In this study, the SM2RAIN algorithm is successfully applied in the semi-arid Karkheh river basin in Iran to convert AMSR-E satellite SM product to daily rainfall at 10 meteorological stations. Good correlations R, ranging from 0.58–0.88, between the satellite-derived and the observed ground-based rainfall are obtained. Then, the SM2R-AMSRE rainfall are used as input into a previously calibrated-SWAT model to estimate the monthly river discharge at six gauging stations in the basin. Good agreement with the observations, with R²—values ranging between 0.72–0.87, are obtained, which is slightly less than the range obtained with the SWAT model using ground-based rainfall as input (R²~0.83–0.89). Indeed, there is a small but systematic underestimation of the SWAT- SM2R-AMSRE simulated streamflow, owing to the fact that the SM2R-AMSRE rainfall estimated with the SM2RAIN algorithm is also smaller than the ground-based one, which in turn, is due to the possibility of saturation of the satellite-retrieved soil moisture level. In spite of these restrictions, the overall good performance of the SM2RAIN algorithm for rainfall and river discharge (via SWAT) estimation in the Karkheh basin here opens new possibilities for discharge estimation throughout Iran, also by using more recent and more versatile satellite SM products, as started to be investigated by [62].

Furthermore, the two well-known TRMM-satellite-based rainfall products, TMPA-3B42 and TMPA-3B42RT, are assessed at the KRB climate stations after bias correction and compared with both ground-based and SM2E-AMSRE predictions. The results show that these TMPA-products predict the observed rainfall consistently less accurately than the SM2RAIN model. Similarly to SWAT- SM2R-AMSRE- simulated streamflow, the two TMPA-products are used as input into the previously calibrated-SWAT model.
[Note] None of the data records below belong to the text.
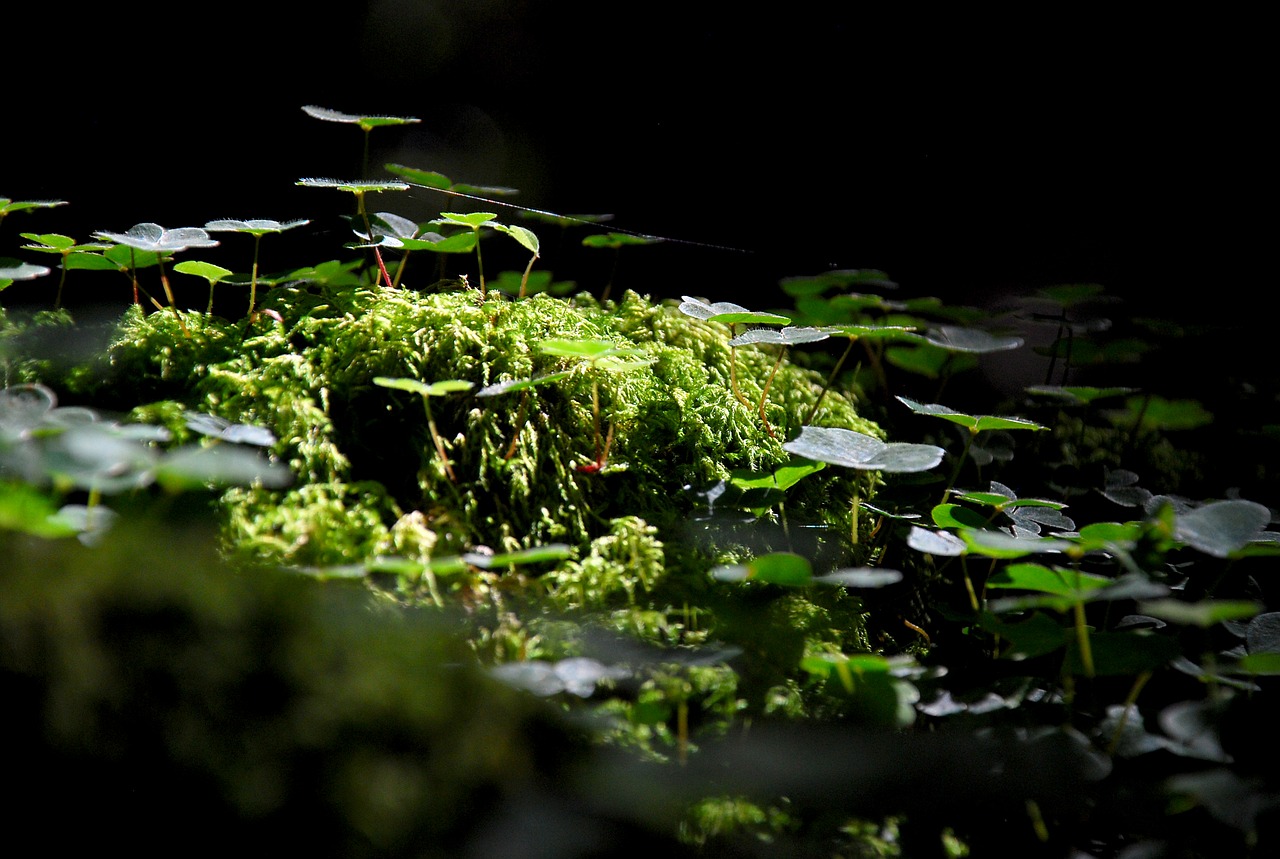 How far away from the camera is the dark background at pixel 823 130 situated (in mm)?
1540


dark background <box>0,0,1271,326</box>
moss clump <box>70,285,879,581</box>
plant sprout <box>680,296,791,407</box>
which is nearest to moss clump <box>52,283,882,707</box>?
moss clump <box>70,285,879,581</box>

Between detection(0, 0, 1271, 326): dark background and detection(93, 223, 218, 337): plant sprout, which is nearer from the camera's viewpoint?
detection(93, 223, 218, 337): plant sprout

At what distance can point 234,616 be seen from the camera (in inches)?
24.0

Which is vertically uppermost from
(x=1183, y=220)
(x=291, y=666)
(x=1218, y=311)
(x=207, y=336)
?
(x=1183, y=220)

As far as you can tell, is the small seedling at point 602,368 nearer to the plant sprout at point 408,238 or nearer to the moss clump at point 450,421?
the moss clump at point 450,421

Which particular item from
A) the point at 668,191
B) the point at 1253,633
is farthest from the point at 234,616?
the point at 668,191

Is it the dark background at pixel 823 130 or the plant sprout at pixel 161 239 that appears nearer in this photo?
the plant sprout at pixel 161 239

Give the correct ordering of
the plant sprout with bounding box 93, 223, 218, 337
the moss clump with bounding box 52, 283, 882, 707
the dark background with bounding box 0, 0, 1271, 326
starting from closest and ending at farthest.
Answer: the moss clump with bounding box 52, 283, 882, 707 < the plant sprout with bounding box 93, 223, 218, 337 < the dark background with bounding box 0, 0, 1271, 326

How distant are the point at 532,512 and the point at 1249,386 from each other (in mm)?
1844

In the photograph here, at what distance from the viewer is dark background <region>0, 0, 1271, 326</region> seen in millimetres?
1540

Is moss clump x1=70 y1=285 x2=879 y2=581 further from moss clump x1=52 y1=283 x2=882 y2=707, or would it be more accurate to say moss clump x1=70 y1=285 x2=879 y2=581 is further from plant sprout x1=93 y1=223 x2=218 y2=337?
plant sprout x1=93 y1=223 x2=218 y2=337

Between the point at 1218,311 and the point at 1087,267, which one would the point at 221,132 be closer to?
the point at 1087,267

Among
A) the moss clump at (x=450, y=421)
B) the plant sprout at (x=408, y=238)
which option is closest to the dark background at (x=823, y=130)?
the plant sprout at (x=408, y=238)

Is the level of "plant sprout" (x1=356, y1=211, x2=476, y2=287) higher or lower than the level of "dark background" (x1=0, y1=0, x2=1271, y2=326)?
lower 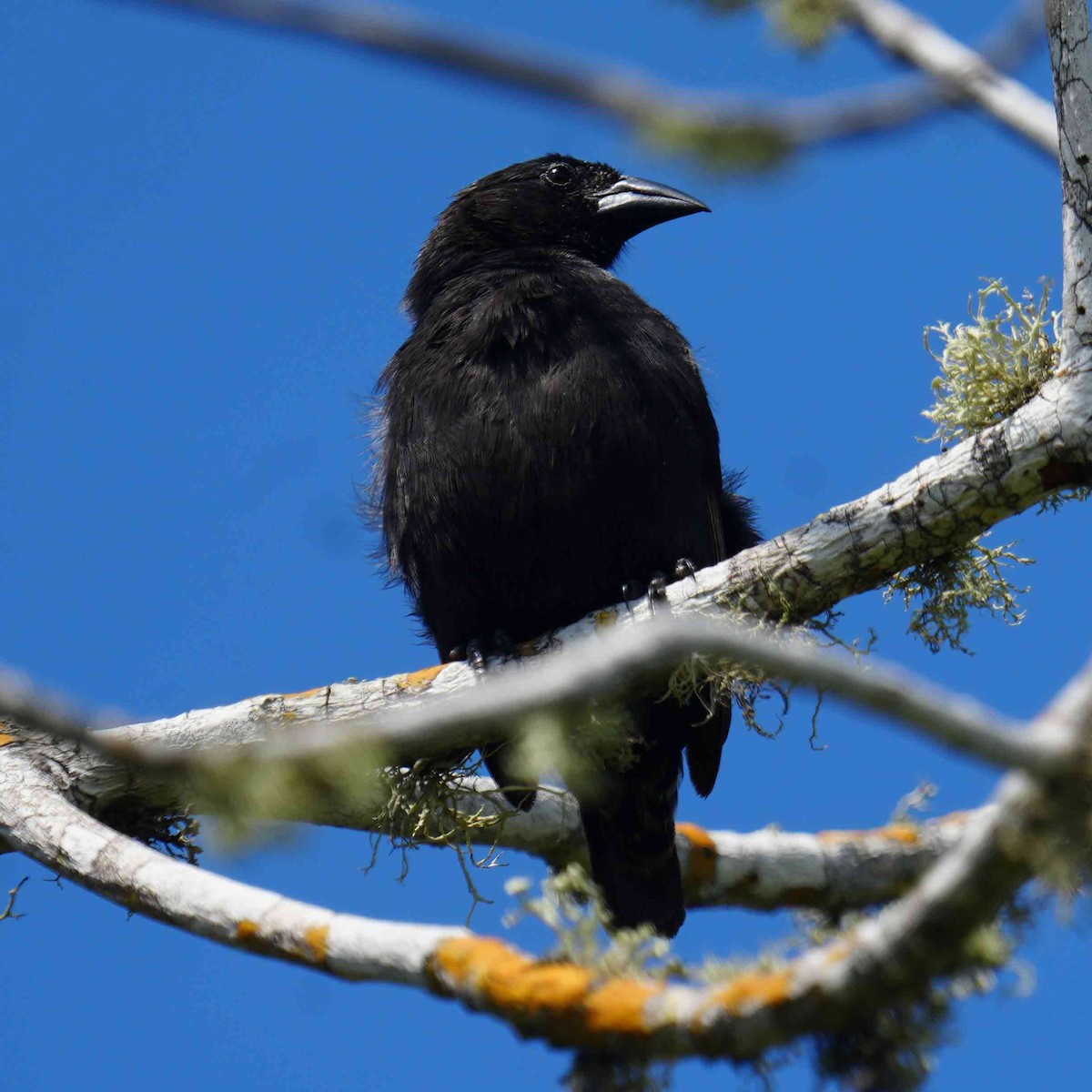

Expectedly, these SWAT-TMPA versions simulate the monthly runoff also less well than the SWAT- SM2R-AMSRE version, indicating again that using SM2R-AMSRE rainfall data in a hydrological model is a viable approach in basins with limited ground-based rainfall data.

The results of the present study indicate that with the use of AMSR-E SM products in the SM2RAIN algorithm as well as in the corrected version of TRMM satellite products, rainfall for poorly gauged regions can be fairly predicted. Moreover, these results show that physically based SM2RAIN model is at least in this application is more correlated with in-situ rainfall than TRMM rainfall satellite products that leads better prediction of runoff.

The methodology is applied to a watershed where the density of rain gauge stations is sparse, so conclusions from this study may provide evidence for the utilization of different rainfall and runoff estimation for water resources assessment of the KRB. The outputs of this study will help hydrologists to understand the efficiency and application of different rainfall estimation at the watershed scale.